Work to complete: In this exercise, the entries below include pictures. Repeat exactly the lines from the line with "latino_rodri webcam preview" to the line with "Смесете масата до гладка.", including both, but without the pictures.

Extracted entries:
--- START ---
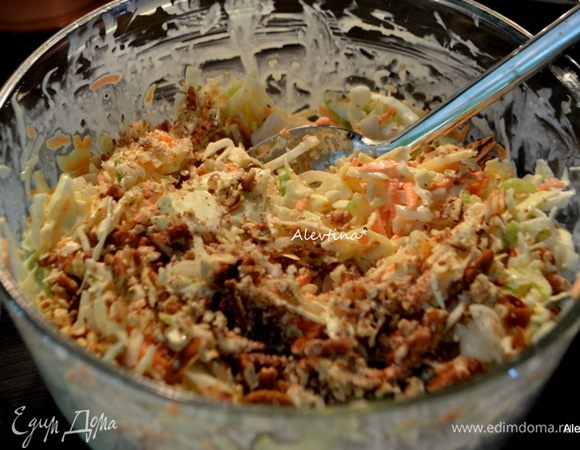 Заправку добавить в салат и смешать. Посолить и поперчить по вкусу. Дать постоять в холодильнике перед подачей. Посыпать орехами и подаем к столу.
--- END ---
--- START ---
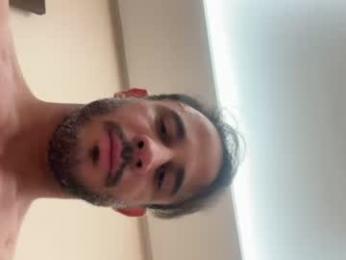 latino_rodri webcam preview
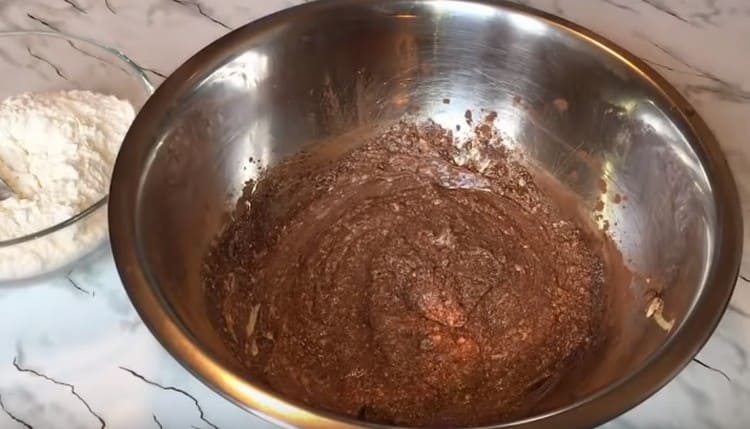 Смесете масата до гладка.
--- END ---
--- START ---
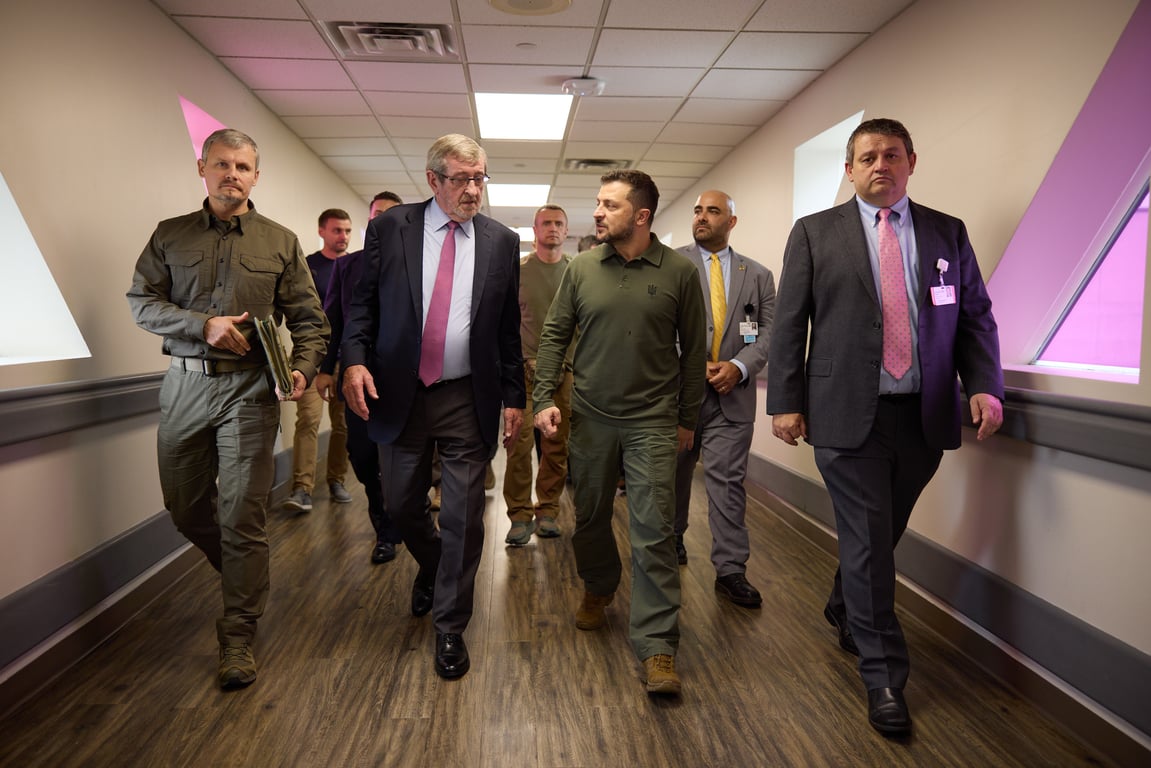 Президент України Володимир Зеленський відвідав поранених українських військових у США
--- END ---
Response for this exercise:
 latino_rodri webcam preview
 Смесете масата до гладка.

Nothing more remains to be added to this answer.